Blanketing opinions that I'll probably regret soon.

Tuesday, January 03, 2006

Orwell's Road to Wigan Pier Relevant Today

In college, I was assigned George Orwell's 1937 book about coal miners called The Road to Wigan Pier. Orwell had lived with the miners in England for a full year and the experience affected him deeply enough to write an entire book on the subject. Reading it was a political awakening for me and has been a powerful undercurrent for most of my political views even today.

I've read the final paragraph a million times:
"It is not long since conditions in the mines were worse than they are now. There are still living a few very old women who in their youth have worked underground, with the harness round their waists, and a chain that passed between their legs, crawling on all fours and dragging tubs of coal. They used to go on doing this even when they were pregnant. And even now, if coal could not be produced without pregnant women dragging it to and fro, I fancy we should let them do it rather than deprive ourselves of coal.
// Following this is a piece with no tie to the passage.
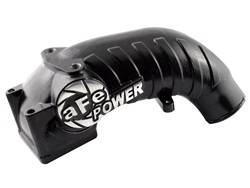 aFe Power - aFe Power Bladerunner Intake Manifold - aFe Power 46-10051 UPC: 802959460450 - Image 1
But most of the time, of course, we should prefer to forget that they were doing it. It is so with all types of manual work; it keeps us alive, and we are oblivious of its existence. More than anyone else, perhaps, the miner can stand as the type of the manual worker, not only because his work is so exaggeratedly awful, but also because it is so vitally necessary and yet so remote from our experience, so invisible, as it were, that we are capable of forgetting it as we forget the blood in our veins. In a way it is even humiliating to watch coal-miners working. It raises in you a momentary doubt about your own status as an 'intellectual' and a superior person generally. For it is brought home to you, at least while you are watching, that it is only because miners sweat their guts out that superior persons can remain superior. You and I and the editor of the Times Lit. Supp., and the poets and the Archbishop of Canterbury and Comrade X, author of Marxism for Infants--all of us really owe the comparative decency of our lives to poor drudges underground, blackened to the eyes, with their throats full of coal dust, driving their shovels forward with arms and belly muscles of steel." - George Orwell, 1937
I often forget that in 2005 we still get a lot of our energy from coal and the work to extract it is nearly as dangerous as seven decades ago. Hell, the entire DC Metro system would grind to a halt without West Virginia coal miners. All of us really owe the comparative decency of our lives to these poor drudges underground.
Comments:
That passage leaves a lump in your throat.
 
I read Germinal last winter. Conditions were far more horrific then, but mining still remains unhealthy, extremely dangerous, and very hard work. Thanks for the Orwell quote; he's dead on about the "invisible" underpinnings of society.
 
I'm a little dumbstruck that we still use miners at all. We've got machines that can land on Mars, take rock samples, and fly them back to earth, but men and women are still digging coal out of the earth by hand?